Cbus Super fixed interest and cash senior portfolio manager, Michael Swan, said tighter regulatory lending constraints on banks since the global financial crisis have created good opportunities for institutional investors in direct lending and other credit markets.

“As a result of significant regulatory pressure, the banks have had to materially de-lever their risk and simplify their business models,” Swan said. “There are opportunities for us in the direct lending space; we hope to fill a few gaps.”

Swan spoke on a panel titled “How regulation affects institutional asset owners” at the Investment Magazine Fixed Interest and Credit Forum in Victoria. He said stronger capital adequacy ratio demands on banks had prompted super funds’ increased activity in treasury functions and lending.

“As super funds get bigger, they’ll be another important non-bank lender and provider of capital,” he said. “It’s good from an Australian corporate perspective – greater diversity and lending outside the big four for longer tenures.
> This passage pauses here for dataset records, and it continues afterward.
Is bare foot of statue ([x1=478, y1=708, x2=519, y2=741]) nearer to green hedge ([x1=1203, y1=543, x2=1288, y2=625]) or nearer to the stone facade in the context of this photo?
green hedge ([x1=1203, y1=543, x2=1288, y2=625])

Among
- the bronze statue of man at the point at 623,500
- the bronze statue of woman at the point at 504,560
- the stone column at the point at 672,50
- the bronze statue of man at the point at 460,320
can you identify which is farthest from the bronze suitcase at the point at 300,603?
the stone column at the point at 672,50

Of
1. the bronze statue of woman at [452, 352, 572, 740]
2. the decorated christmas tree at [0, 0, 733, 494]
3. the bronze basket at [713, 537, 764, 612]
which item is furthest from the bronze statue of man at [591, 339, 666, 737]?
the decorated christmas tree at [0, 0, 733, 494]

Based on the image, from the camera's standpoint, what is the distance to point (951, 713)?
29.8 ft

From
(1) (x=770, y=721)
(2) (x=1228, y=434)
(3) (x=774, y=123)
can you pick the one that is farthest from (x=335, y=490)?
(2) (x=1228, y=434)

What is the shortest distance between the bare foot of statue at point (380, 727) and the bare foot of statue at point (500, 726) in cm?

“Whilst we’re are active in the space, we haven’t done a lot yet. Margins are tight…there’s still a mismatch going on and a willingness to pay what we consider fair compensation for the longer tenure. We think there’ll be more opportunities in this space.”

First State Super head of treasury, Michael Clavin, broadened the fund’s security finance operations when he realised banks would face balance-sheet constraints.
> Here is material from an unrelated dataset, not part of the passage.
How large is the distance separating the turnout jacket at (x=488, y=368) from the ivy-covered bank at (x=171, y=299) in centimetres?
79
“As liquidity coverage ratios (LCRs) started taking effect overseas, we started working on finance deals with US and European banks and slowly the Australian regulators also put the effects of LCR and net stable funding ratios (NSRs) onto the deposit-taking institutions in Australia,” Clavin explained. “That really allowed us to have an open dialogue with (bank) treasury departments, bypassing the sales desk and discussion with what First State Super, as a large capital provider, could provide the banks in their short-term funding needs.”

A six-strong treasury team was mindful of the fund’s liquidity profile and member expectations and had a strong underwriting policy, he said.
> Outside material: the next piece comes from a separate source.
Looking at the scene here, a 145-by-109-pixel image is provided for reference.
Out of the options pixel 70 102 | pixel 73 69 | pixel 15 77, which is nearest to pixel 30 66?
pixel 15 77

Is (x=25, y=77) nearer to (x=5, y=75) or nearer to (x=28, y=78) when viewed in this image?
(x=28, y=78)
Challenger head of acquisition David Hoskins said Australia’s non-bank lenders were slowly following European and US markets in taking a larger slice of the debt market.

“Look at the European direct-lending market. Banks, once 70 per cent of the market, are now is 40 per cent,” Hoskins said. “In Australia, banks hold 80 per cent in [lending to small and medium-sized entities]. Regulations will cause the banks’ percentage of this market to fall over time…We see it as a much slower burn.”

Funds weren’t competing directly with the banks, he said, instead taking opportunities where banks could no longer play, such as the property debt market, which demanded stricter loan-to-valuation ratio (LVR) targets of 55 per cent, compared with 65 per cent previously, he said.

First State Super portfolio manager Ross Pritchard said the fund had underwritten four transactions in the last year and was looking at two more.

“We’re seeing this margin about deals they used to do, clients they want to support but don’t have the same access to capital as they used to,” he said. “That is where we’re seeing an opportunity.”